Da vergüenza decirlo, pero en el posible palacio sentimos el alivio de quien llega a destino. A pesar de los pensamientos compartidos con Stefanos y nuestra intención de valorar la Ítaca presente y a sus gentes, queríamos reconocer algo de la islita legendaria que tantos trataron de encontrar sin suerte, como sin suerte muchos buscaron Troya hasta que un prusiano, el recordado Heinrich Schliemann, la desenterró en Turquía. Quizás solo para dar cuenta simbólica de las guerras que nunca acaban. Y porque las Ítacas míticas de Ulises y Odiseo también hacen parte, se quiera o no, de la del presente. La arqueología ayuda a darle cuerpo a esos fantasmas antiguos que la cimientan.
Evocando el mismo personaje, en la cultura han convivido las dos caras opuestas de la moneda. Por un lado está el Ulises latino que Dante, el teólogo, visita en su infierno cristiano: la cara común a nuestro tiempo, el arquetipo del explorador, de aquel que quiere ir más allá de todo límite. El ingenioso hombre que va a la guerra. El ambicioso. El individuo eternamente insatisfecho.
Por otro lado está el Odiseo homérico, aquel que no quería dejar su casa para ir a la guerra y que al final lo hizo por lealtad. Aquel repetidamente catalogado como el más desgraciado de los hombres. El que aparece en la Odisea por primera vez llorando entre las rocas, atrapado durante siete años en la isla de Calypso que lo tienta con la inmortalidad y la eterna juventud: esas cosas que muchos desean. Odiseo es el que rechaza ser otra cosa distinta a un mortal, aquel que afirma la vida y acepta su destino con orgullo, echándose a la mar para volver a casa.
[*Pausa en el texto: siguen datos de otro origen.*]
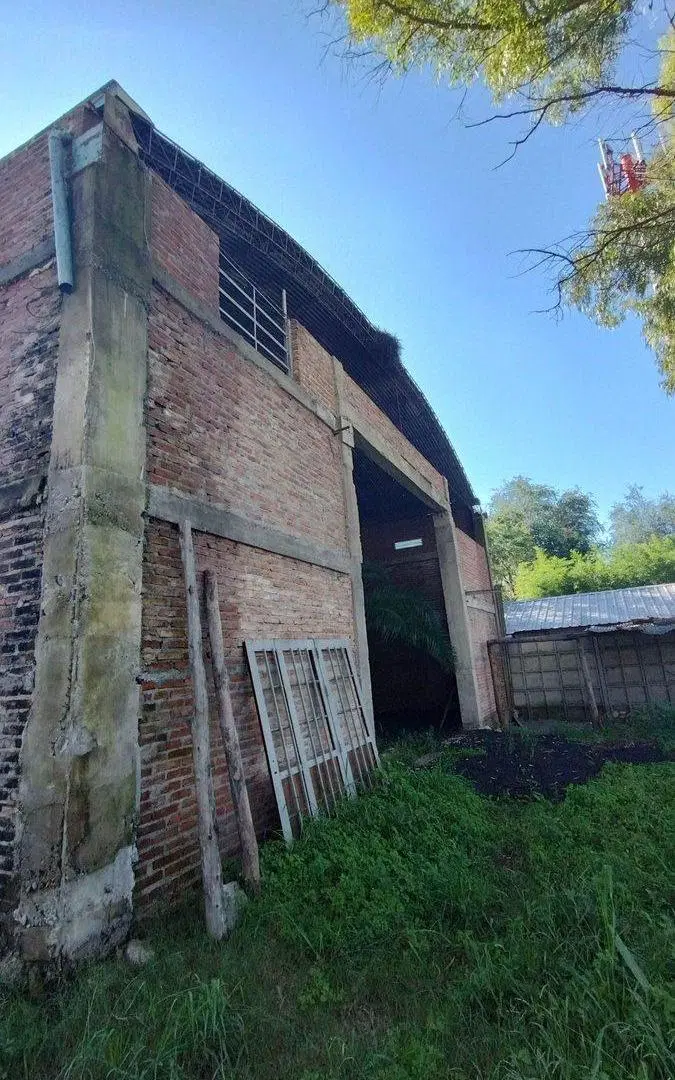 VENTA GALPON + OFICINA RUTA 5 CORDOBA 4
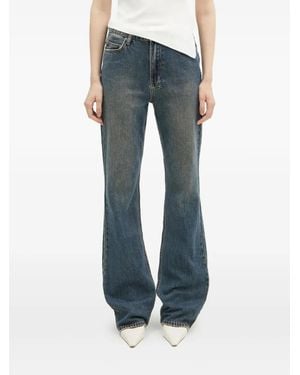 Ksubi Soho Slouch Sandstorm boot-cut jeans - Azul
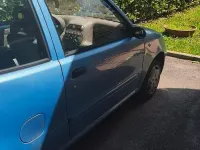 Usata Fiat 600 Active 54 CV (39 kW) 2005 Blu Utilitaria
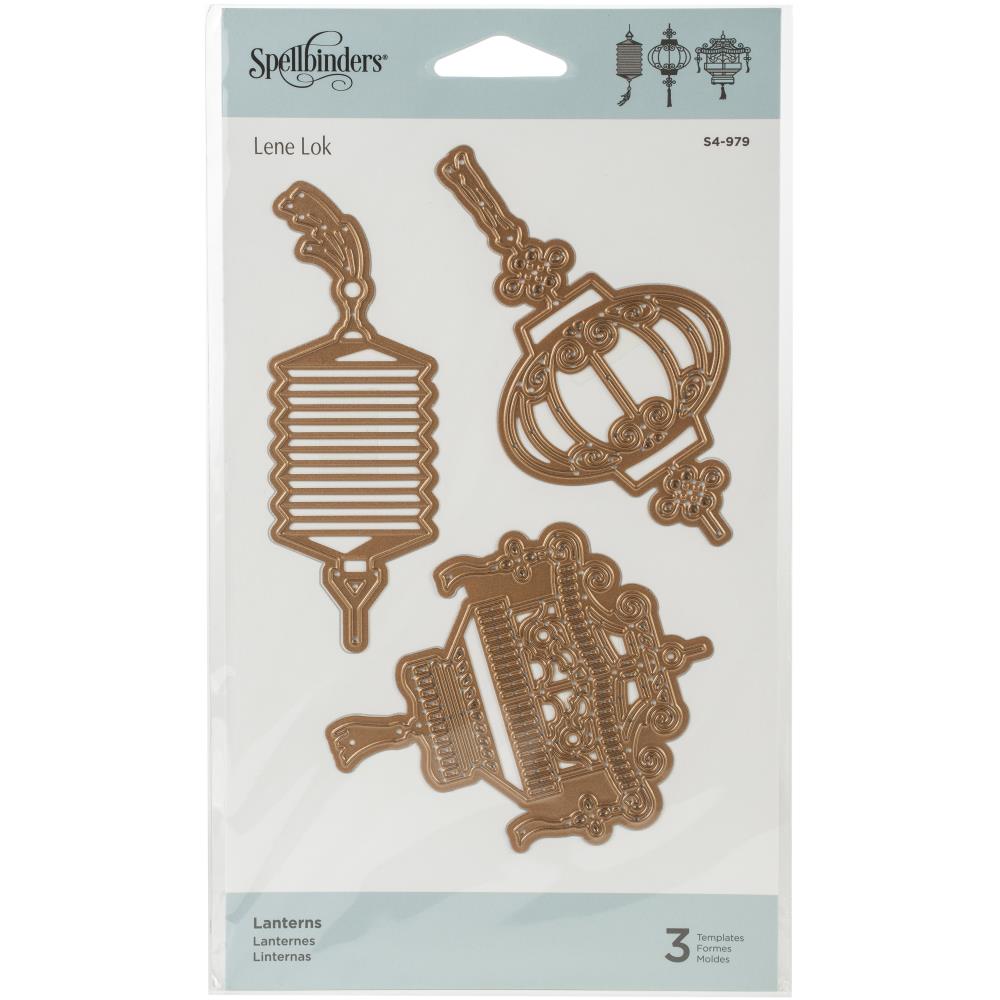 Spellbinders - S4-979 Lanterns.......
No es pues esencialmente el de los viajes de conocimiento y placeres de Kavafis. No es ni el hedonista ni el turista ni el ex-pat. Es el que da la vida por los suyos porque solo junto a los suyos la vida vale la pena. Ese es el héroe, el otro es un pirata. ¿Acaso Penélope es más hermosa?, pregunta la celosa oceánide. Es innegable, Calypso, que eres incomparable en estatura y belleza, pues eres una diosa. Nada más dice el prudente y la seduce para que no lo mate. Pero la respuesta es clara: no se trata de la belleza. Compartimos el destino mortal. Yo la escojo como escojo esta vida que no escogí: la amo y ella me ama de vuelta. Un trovador cubano, Silvio Rodríguez, evoca en Pequeña serenata diurna el canto de este Odiseo al cumplir su último trabajo del remo y volver a Ítaca para envejecer y encontrar en paz la muerte, según decretaron los dioses: “Vivo en un país libre, cual solamente puede ser libre en esta tierra, en este instante…”.
Las Ítacas seguirán significándose entre sí. Chocando. Ocultándose y revelándose las unas en las otras. De acuerdo a la intención, aparece una u otra cara. Eso, en especial, para Tomás y para mí que la vimos desvanecerse tras la lluvia y sumamos imágenes de océano y tormenta al testimonio de Stefanos y al reciclaje incesante de los mitos.
La Ítaca concreta, no obstante, tiene un significado sencillo. Es el mismo que tenía para el personaje de Homero. Se trata de un significado que solo es alcanzable para algunos de sus habitantes, para los Odiseos y los Stefanos, para aquellos que la llaman casa: se trata del lugar por el que se daría la vida, pues está hecho de las gentes amadas.